A La Haye, une source de la CPI a confirmé le dépôt de cette requête devant le parquet, qui décidera dans les mois qui viennent s'il accepte d'ouvrir une enquête préliminaire sur ces crimes.
"Nous sommes convaincus que les critères du Statut de Rome (ayant créé la CPI) pour les crimes contre l'humanité sont réunis", a dit le coordinateur du parti d'opposition Volonté populaire, qui est présidé par Leopoldo Lopez, actuellement en prison près de Caracas. Il a évoqué des "assassinats, tortures, emprisonnements illégaux, persécutions, traitements inhumains".
La requête, présentée au nom d'un groupe de victimes parmi lesquelles Carlos Vecchio, vise huit hauts fonctionnaires vénézuéliens dont le président, a affirmé l'opposant sans livrer les noms des autres ni davantage de détails, "pour des raisons de confidentialité" et de stratégie judiciaire.
A moins d'un mois des élections législatives du 6 décembre, Carlos Vecchio a soutenu l'urgence de sa requête, se référant aux déclarations du président le 30 octobre.
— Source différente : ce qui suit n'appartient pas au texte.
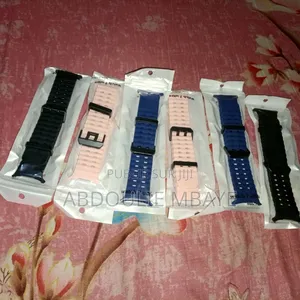 Bracelet Smart Watch Ultra W7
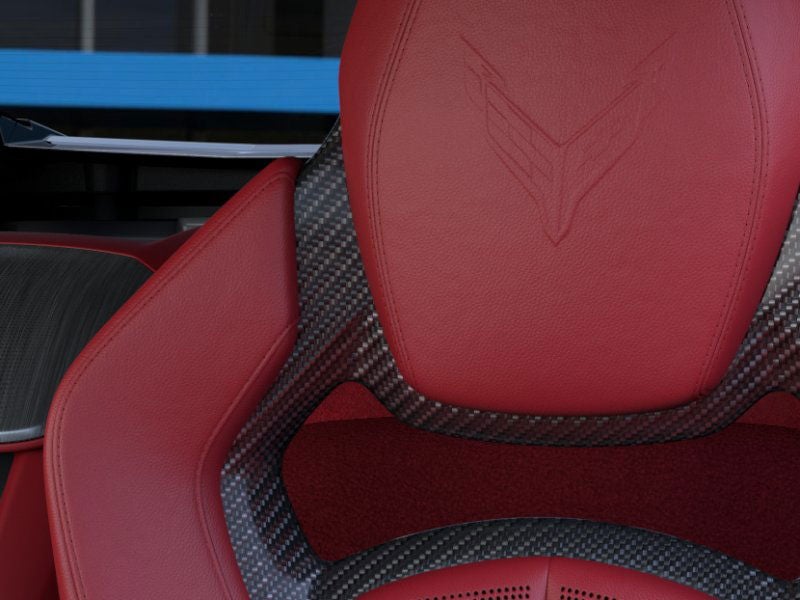 2025 Chevrolet Corvette Z06 3LZ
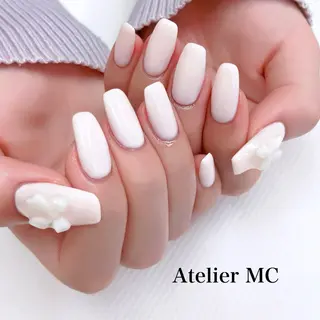 ネイル アトリエ エムシー 【新富町・東銀座】のネイルデザイン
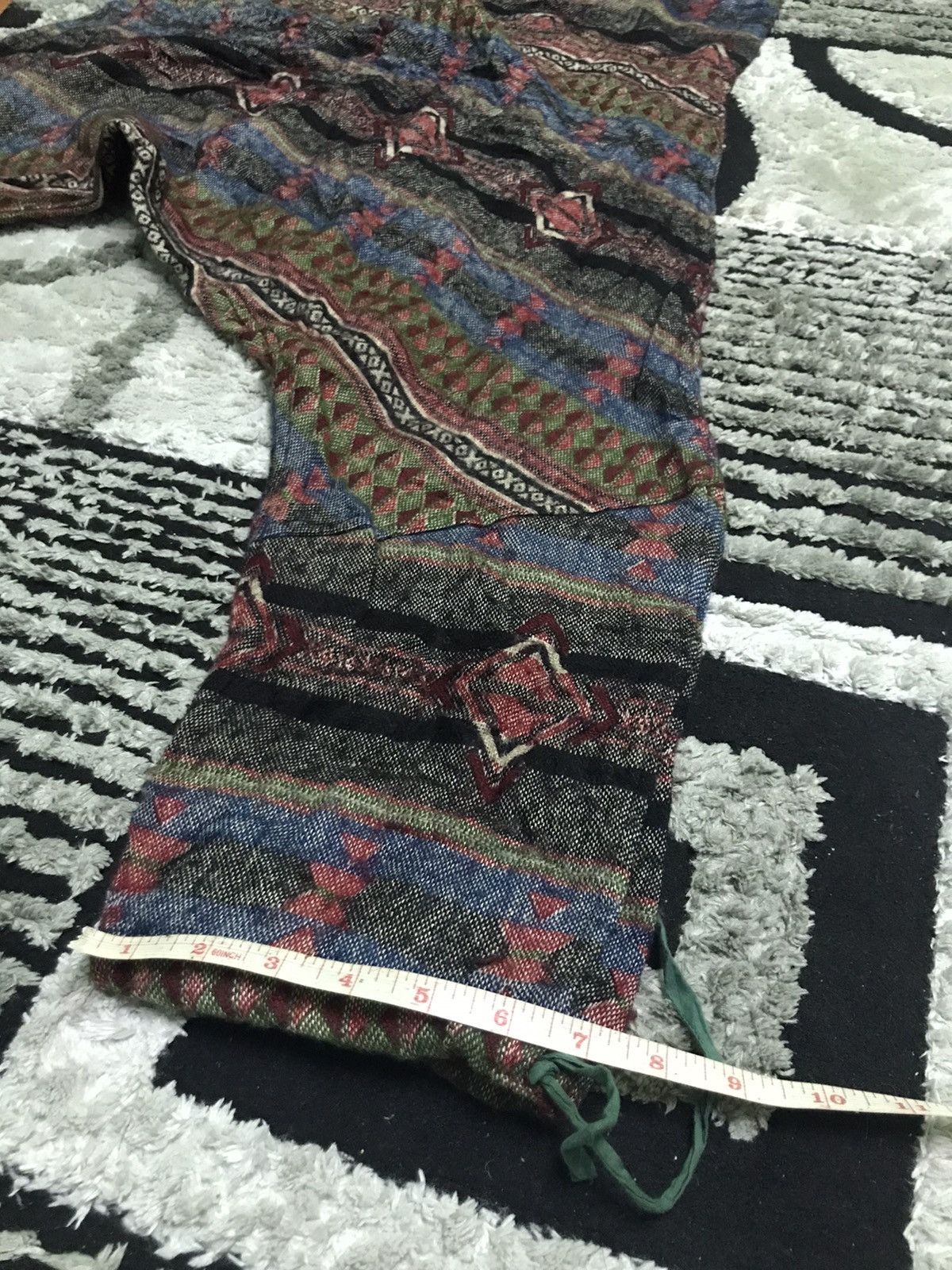 Japanese Brand Navajo baggy pants Size US 36 / EU 52 - 5 Thumbnail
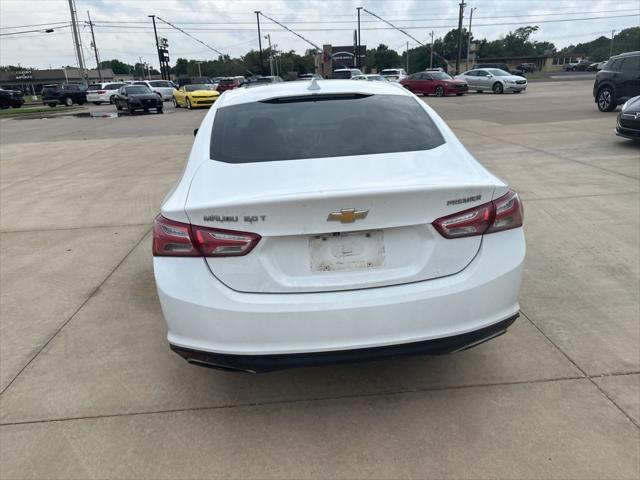 2020 Chevrolet Malibu FWD Premier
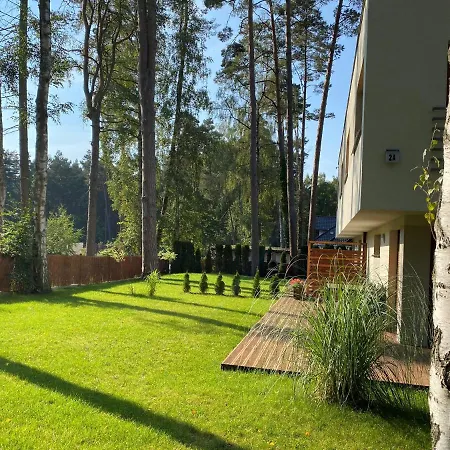Casa de Férias Nadmorski-dom Summer-house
Evoquant la possible victoire de l'opposition prévue par des sondages, Nicolas Maduro avait alors affirmé: "nous défendrions la révolution, nous n'abandonnerions pas la révolution et la révolution passerait à une nouvelle étape".
Carlos Vecchio, poursuivi par la justice vénézuélienne pour "complot" et exilé aux Etats-Unis, veut attirer "l'attention au niveau international sur ce climat que crée Nicolas Maduro, pratiquement un appel à la violence en cas de victoire" de l'opposition, estime-t-il.
- Attaquer toute dissidence -
La requête dénonce des actes "systématiques, généralisés, de la part de l'Etat vénézuélien, de plusieurs institutions" visant à "attaquer" et affaiblir "toute source de dissidence ou de simple critique du gouvernement", a déclaré l'avocat de Leopoldo Lopez, Juan Carlos Gutiérrez.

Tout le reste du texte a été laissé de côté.